Records from a collection

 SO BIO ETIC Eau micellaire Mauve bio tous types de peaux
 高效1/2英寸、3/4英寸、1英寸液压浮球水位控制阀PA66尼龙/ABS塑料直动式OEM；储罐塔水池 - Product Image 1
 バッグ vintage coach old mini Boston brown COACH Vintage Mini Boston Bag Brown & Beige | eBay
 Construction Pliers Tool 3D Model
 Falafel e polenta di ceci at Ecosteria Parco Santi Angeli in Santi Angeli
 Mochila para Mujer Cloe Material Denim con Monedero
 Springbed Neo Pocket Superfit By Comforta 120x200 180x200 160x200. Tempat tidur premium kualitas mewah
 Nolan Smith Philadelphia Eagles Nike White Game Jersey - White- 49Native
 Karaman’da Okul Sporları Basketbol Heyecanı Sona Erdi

...

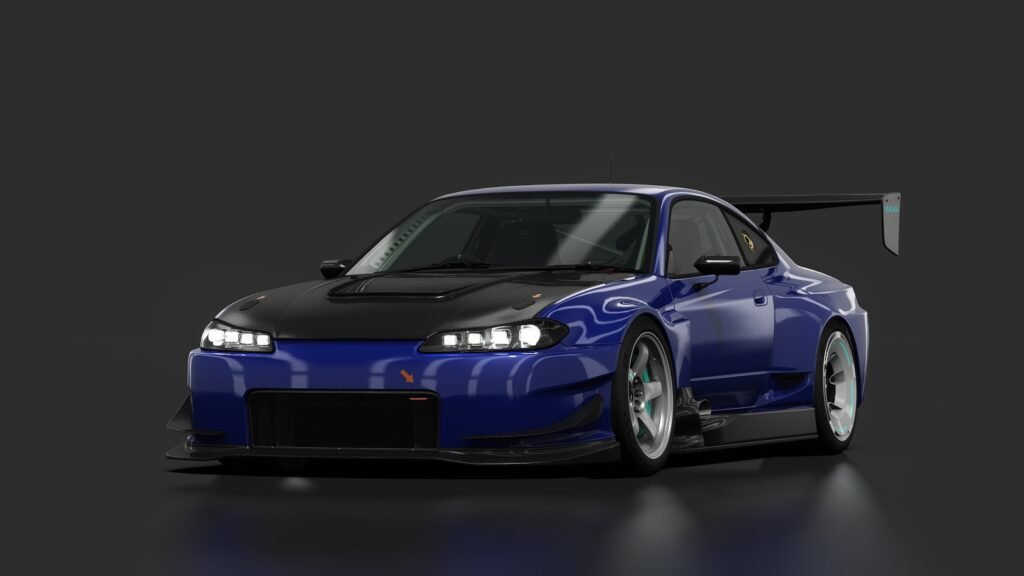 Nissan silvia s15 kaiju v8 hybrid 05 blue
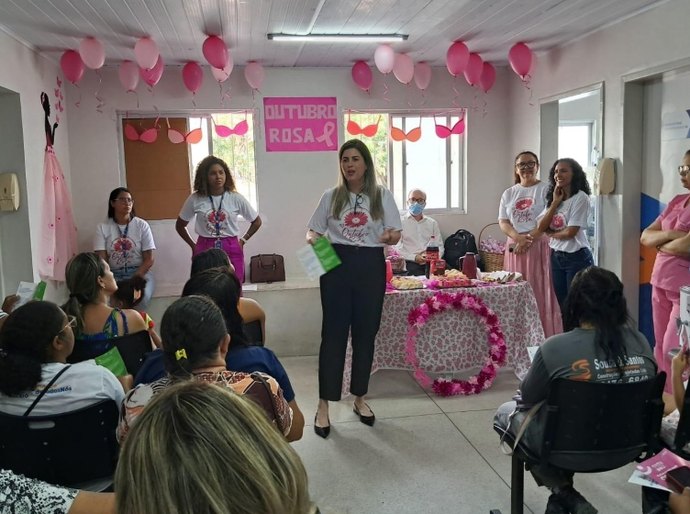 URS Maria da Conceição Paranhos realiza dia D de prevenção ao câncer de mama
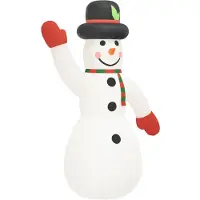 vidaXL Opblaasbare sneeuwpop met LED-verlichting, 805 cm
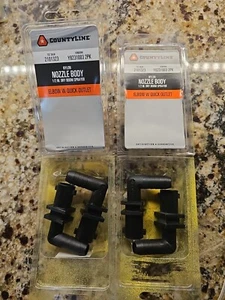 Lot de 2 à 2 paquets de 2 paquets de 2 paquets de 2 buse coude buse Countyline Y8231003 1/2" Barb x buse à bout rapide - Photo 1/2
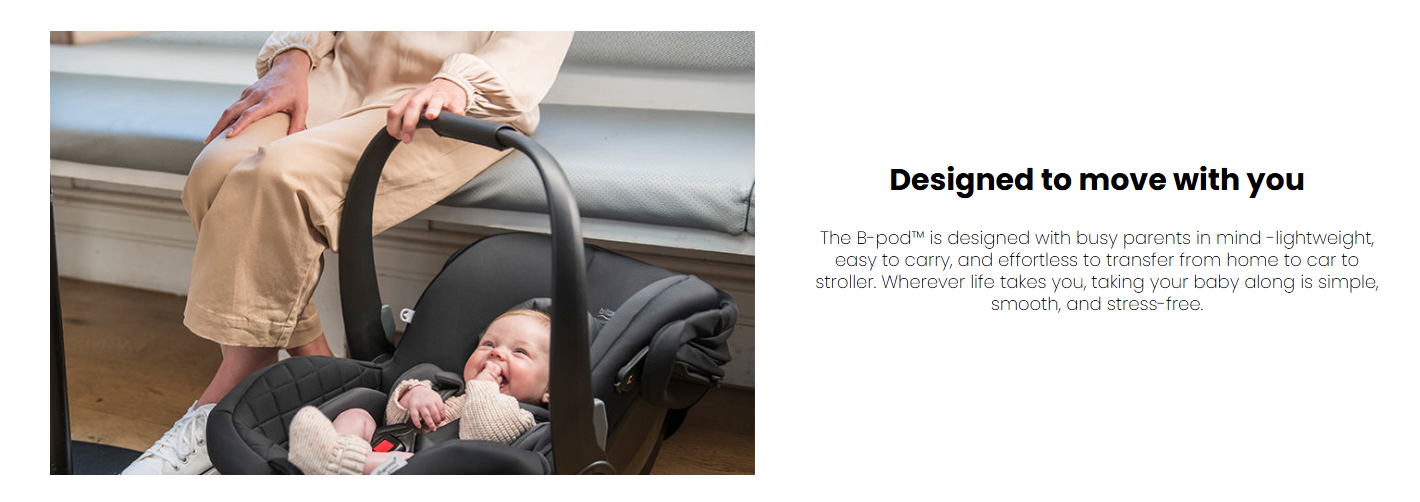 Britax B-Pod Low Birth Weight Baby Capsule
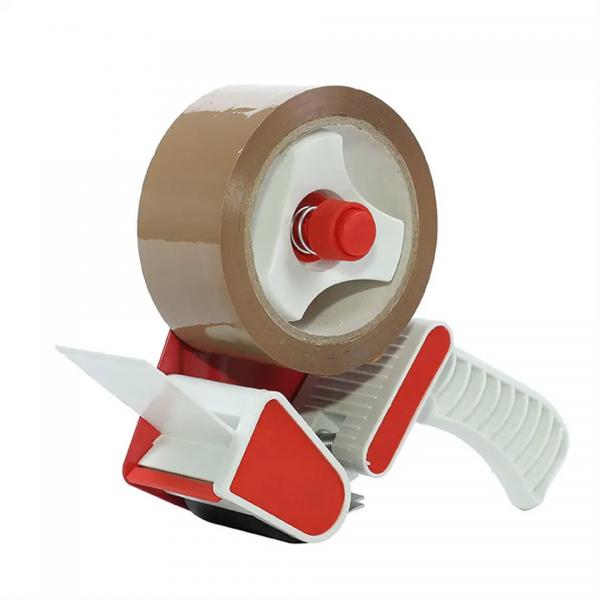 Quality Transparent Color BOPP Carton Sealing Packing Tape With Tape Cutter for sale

→ **Task goal**
From the records above, transcribe exactly the run of lines that opens with the line holding "Mochila para Mujer" and closes with the line holding "Karaman’da Okul Sporları", both included.

→ **Solution for this exercise**
 Mochila para Mujer Cloe Material Denim con Monedero
 Springbed Neo Pocket Superfit By Comforta 120x200 180x200 160x200. Tempat tidur premium kualitas mewah
 Nolan Smith Philadelphia Eagles Nike White Game Jersey - White- 49Native
 Karaman’da Okul Sporları Basketbol Heyecanı Sona Erdi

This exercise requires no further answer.